The first step in modeling a dynamic process is to define the set of states over which it can range and to characterize the mechanisms that govern its transitions.  The state is like a snapshot of the system at a point in time.  It is an abstraction of reality that describes the attributes of the system of interest.  Time is the linear measure through which the system moves, and can be thought of as a parameter.  Because of time there is a past, present, and future.  We usually know the trajectory a system has followed to arrive at its present state.  Using this information, our goal is to predict the future behavior of the system in terms of a basic a set of attributes.  As we shall see, a variety of analytic techniques are available for this purpose.

From a modeling point of view, state and time can be treated as either continuous or discrete.  Both theoretical and computational considerations, however, argue in favor of the discrete state case so this will be our focus. We consider both discrete time and continuous time models. To obtain computational tractibility we assume that the stochastic process satisfies the Markov condition. That is, the path the process takes in the future depends only on the current state, and not the sequence of states visited prior to the current state. For the discrete time system this leads to the Markov Chain model.  For the continous time system the model is called a Markov Process.

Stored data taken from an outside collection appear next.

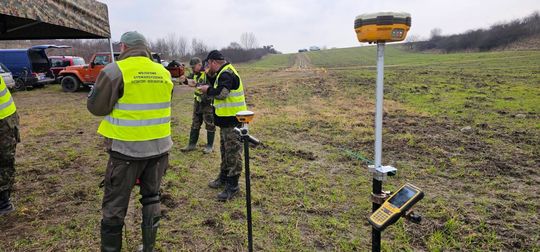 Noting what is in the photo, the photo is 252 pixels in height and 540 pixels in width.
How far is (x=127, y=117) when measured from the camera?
2561mm

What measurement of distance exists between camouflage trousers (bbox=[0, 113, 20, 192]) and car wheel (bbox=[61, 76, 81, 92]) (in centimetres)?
1363

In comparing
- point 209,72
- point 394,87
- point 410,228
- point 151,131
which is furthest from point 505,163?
point 394,87

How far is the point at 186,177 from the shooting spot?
5.03 m

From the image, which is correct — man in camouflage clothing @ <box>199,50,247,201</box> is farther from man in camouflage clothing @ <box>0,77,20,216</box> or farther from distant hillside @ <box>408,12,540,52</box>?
distant hillside @ <box>408,12,540,52</box>

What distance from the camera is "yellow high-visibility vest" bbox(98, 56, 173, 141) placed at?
2520 millimetres

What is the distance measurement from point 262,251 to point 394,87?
13040 millimetres

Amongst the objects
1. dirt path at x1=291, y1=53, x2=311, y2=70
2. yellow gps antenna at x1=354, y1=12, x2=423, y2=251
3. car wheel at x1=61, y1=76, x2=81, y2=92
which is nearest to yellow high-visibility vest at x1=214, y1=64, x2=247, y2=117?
yellow gps antenna at x1=354, y1=12, x2=423, y2=251

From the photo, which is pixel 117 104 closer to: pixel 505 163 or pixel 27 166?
pixel 27 166

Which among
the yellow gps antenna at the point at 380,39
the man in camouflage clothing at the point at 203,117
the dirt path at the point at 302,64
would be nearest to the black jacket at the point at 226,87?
the man in camouflage clothing at the point at 203,117

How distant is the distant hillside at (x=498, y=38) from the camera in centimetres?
4666

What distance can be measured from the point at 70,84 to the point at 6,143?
1409 cm

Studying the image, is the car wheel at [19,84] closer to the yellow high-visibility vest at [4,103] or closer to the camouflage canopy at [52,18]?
the camouflage canopy at [52,18]

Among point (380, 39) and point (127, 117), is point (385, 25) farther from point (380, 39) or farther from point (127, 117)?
point (127, 117)

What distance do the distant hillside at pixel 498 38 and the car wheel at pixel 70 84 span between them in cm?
4987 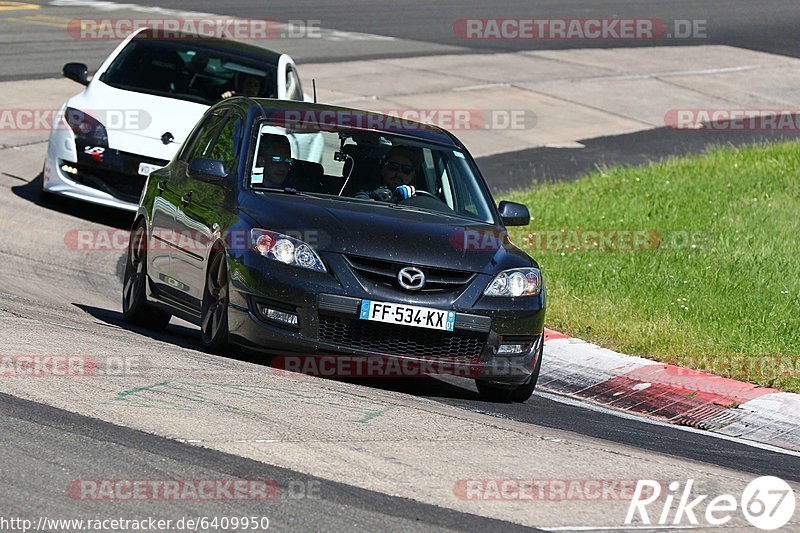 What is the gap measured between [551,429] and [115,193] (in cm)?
711

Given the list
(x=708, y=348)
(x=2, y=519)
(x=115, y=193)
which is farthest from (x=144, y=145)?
(x=2, y=519)

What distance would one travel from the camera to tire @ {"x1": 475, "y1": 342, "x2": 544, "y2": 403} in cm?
895

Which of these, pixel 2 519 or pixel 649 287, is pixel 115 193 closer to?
pixel 649 287

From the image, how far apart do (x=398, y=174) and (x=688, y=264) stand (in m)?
4.53

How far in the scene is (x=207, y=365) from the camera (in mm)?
8031

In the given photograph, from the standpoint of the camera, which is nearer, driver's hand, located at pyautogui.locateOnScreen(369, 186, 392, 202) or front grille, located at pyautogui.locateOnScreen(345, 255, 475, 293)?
front grille, located at pyautogui.locateOnScreen(345, 255, 475, 293)

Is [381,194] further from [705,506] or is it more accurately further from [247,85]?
[247,85]

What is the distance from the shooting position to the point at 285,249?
8336mm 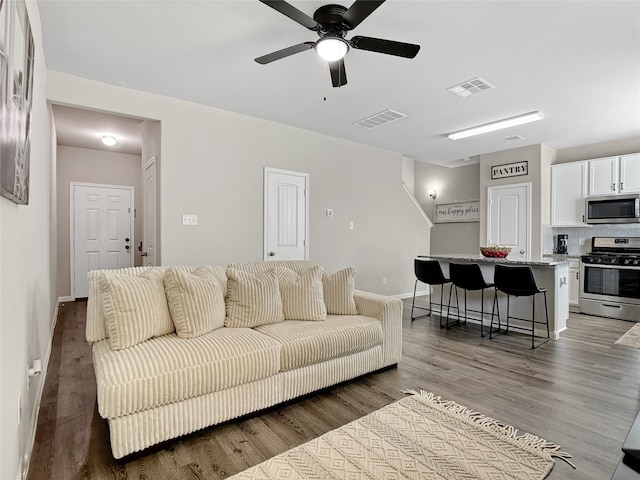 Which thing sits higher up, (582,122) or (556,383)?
(582,122)

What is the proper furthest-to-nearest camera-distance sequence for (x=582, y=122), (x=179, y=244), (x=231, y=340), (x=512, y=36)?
(x=582, y=122) < (x=179, y=244) < (x=512, y=36) < (x=231, y=340)

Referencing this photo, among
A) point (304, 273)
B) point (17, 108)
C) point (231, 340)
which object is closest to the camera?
point (17, 108)

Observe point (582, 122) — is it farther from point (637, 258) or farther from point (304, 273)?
point (304, 273)

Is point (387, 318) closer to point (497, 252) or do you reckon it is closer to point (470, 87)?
point (497, 252)

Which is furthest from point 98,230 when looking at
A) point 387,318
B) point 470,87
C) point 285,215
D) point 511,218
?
point 511,218

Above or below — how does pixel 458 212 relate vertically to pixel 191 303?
above

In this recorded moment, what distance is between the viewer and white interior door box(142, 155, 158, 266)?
13.3ft

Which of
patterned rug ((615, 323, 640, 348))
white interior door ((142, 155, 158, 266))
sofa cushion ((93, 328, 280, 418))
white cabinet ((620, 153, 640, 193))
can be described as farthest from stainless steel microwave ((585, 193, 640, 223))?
white interior door ((142, 155, 158, 266))

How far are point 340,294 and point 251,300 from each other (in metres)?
0.84

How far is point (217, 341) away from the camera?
2.20m

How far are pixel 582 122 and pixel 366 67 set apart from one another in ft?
10.9

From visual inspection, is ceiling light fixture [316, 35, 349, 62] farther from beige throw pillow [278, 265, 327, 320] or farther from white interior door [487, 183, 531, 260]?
white interior door [487, 183, 531, 260]

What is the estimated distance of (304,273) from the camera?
3.03 metres

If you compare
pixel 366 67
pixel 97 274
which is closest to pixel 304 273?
pixel 97 274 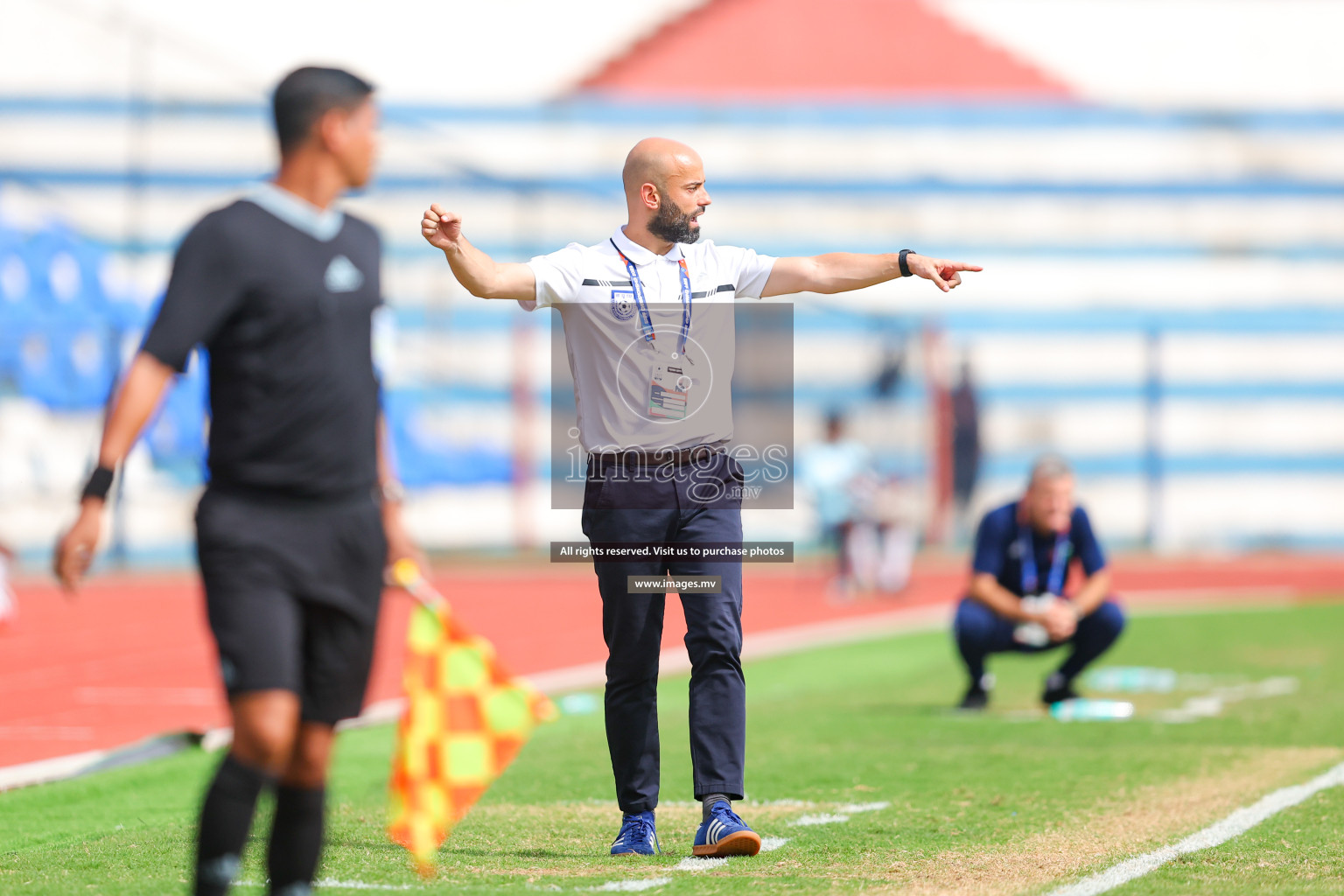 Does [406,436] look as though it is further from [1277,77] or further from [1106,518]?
[1277,77]

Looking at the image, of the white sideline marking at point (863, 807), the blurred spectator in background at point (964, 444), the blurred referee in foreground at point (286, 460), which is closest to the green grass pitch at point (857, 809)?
the white sideline marking at point (863, 807)

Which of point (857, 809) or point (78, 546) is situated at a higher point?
point (78, 546)

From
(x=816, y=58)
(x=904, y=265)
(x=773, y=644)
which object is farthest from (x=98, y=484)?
(x=816, y=58)

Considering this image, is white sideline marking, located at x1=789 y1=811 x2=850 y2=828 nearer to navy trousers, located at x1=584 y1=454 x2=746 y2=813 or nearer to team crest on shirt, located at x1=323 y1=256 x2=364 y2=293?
navy trousers, located at x1=584 y1=454 x2=746 y2=813

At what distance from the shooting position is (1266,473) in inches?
1163

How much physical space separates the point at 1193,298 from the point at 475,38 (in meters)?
12.9

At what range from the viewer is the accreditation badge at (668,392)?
239 inches

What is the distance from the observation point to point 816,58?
32.6 m

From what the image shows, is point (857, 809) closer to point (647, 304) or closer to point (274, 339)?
point (647, 304)

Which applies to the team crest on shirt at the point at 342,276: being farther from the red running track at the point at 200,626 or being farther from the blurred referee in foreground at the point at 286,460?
the red running track at the point at 200,626

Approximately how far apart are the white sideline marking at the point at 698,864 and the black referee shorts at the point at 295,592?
5.28 feet

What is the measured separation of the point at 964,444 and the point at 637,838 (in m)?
20.8

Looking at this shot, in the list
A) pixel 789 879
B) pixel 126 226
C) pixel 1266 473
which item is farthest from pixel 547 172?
pixel 789 879

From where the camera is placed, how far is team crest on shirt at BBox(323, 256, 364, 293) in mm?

The model of a stochastic process describes activities that culminate in events.  The events cause a transition from one state to another.  Because activity durations are assumed to be continuous random variables, events occur in the continuum of time.  This section provides the vocabulary used in conjunction with a continuous time stochastic processes along with an example in which the model is useful. Two other sections in this Modeling part of the site will focus respectively on Markov Chains and Markov Processes.